Author of the “Digital Era”
Founder and CEO of Fintech Solutions LLC
The P2P lending market, a service that represents a mechanism for borrowing money between individuals through special online platforms, grew almost unnoticed and gained momentum. For our people, a parallel with mutual aid bureaus immediately arises here. Worldwide P2P lending amounts to tens of billions of dollars and steadily grows. Let’s try to understand the reasons for such popularity and high demand.
It seems that life itself and new financial realities have become the driving force of the new service. Constantly repeated financial crises impacted severely the world and banking systems. As a result, the banks tightened their belts and paid huge fines to the regulators.
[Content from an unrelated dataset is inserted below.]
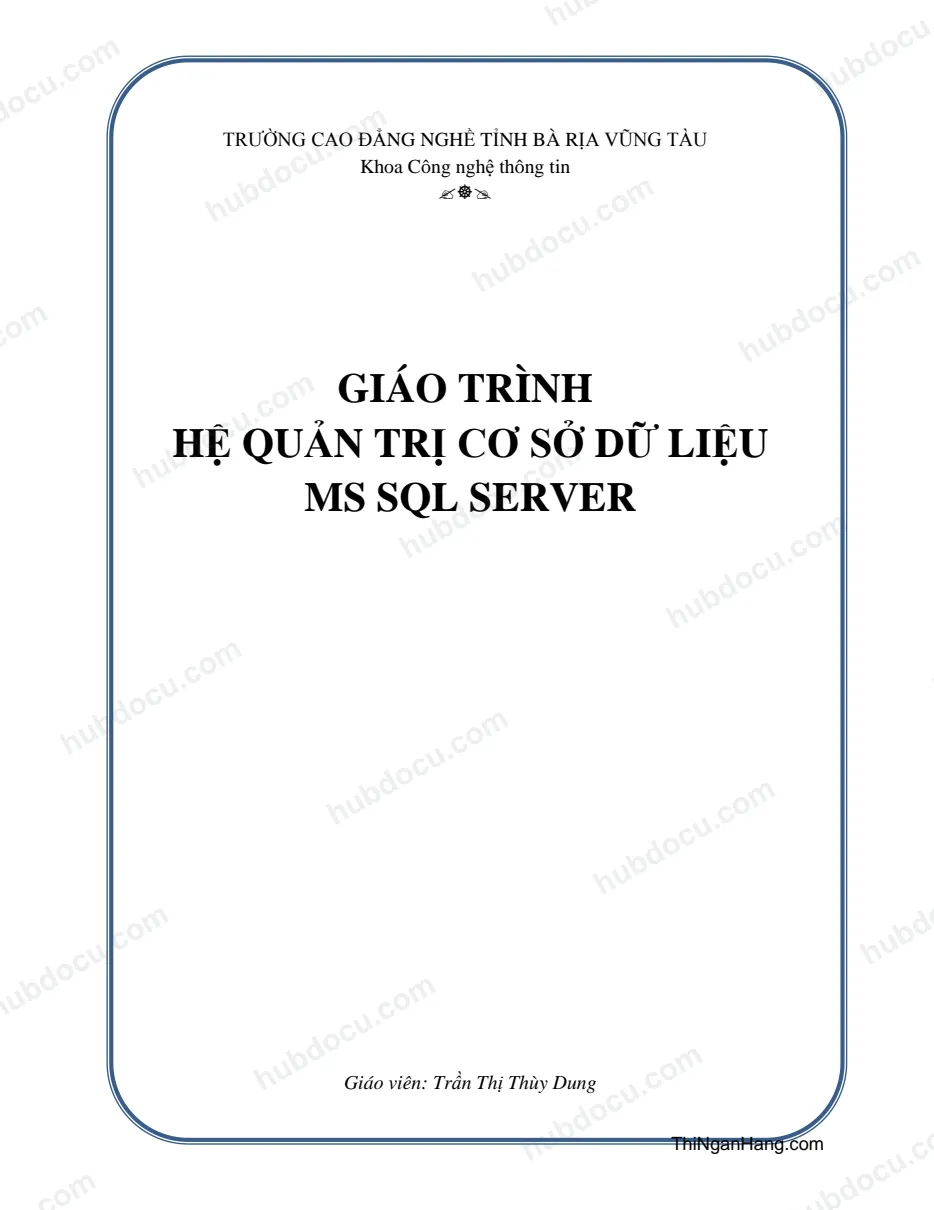 Giáo trình hệ quản trị cơ sở dữ liệu MS SQL server
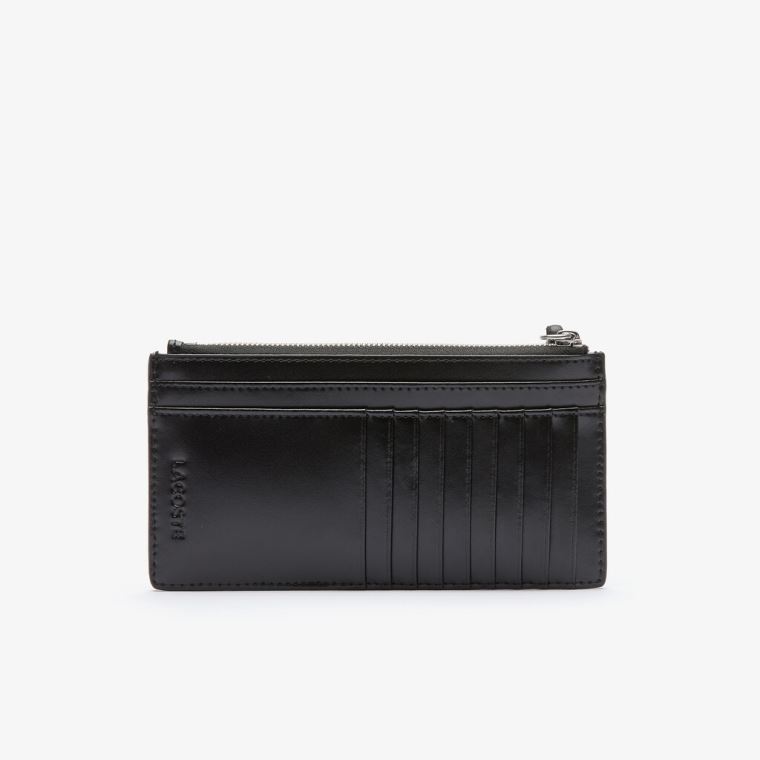 Lacoste Chantaco Large Piqué Læder Zip Cardholder Černé | 0OTj7PVs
Since 2009, regulators in the United States and Europe have penalized banks for non-compliance in total for $342 billion. By 2020, this figure is likely to grow up to $400 billion. All these circumstances resulted in a substantial decrease of banks’ lending and remittance services. Thus, it became almost impossible to get loans from the banks for both individuals and SMEs. In response to unsatisfied demand, a new huge market in the form of P2P lending has grown.
People who do not have enough money or entrepreneurs who need funding – they all have difficulty with access to bank loans. For various reasons, they either do not maintain the high standards of the bank to the borrower and get refusals, or the amount of lending does not match their needs. And when banks, VCs, angel investors cannot help businesses with financing, P2P lending platforms appear on the “scene”. The following figure clearly demonstrates the relevance of this new superpower – the annual growth of such platforms in 2013-2018 is approximately 513%.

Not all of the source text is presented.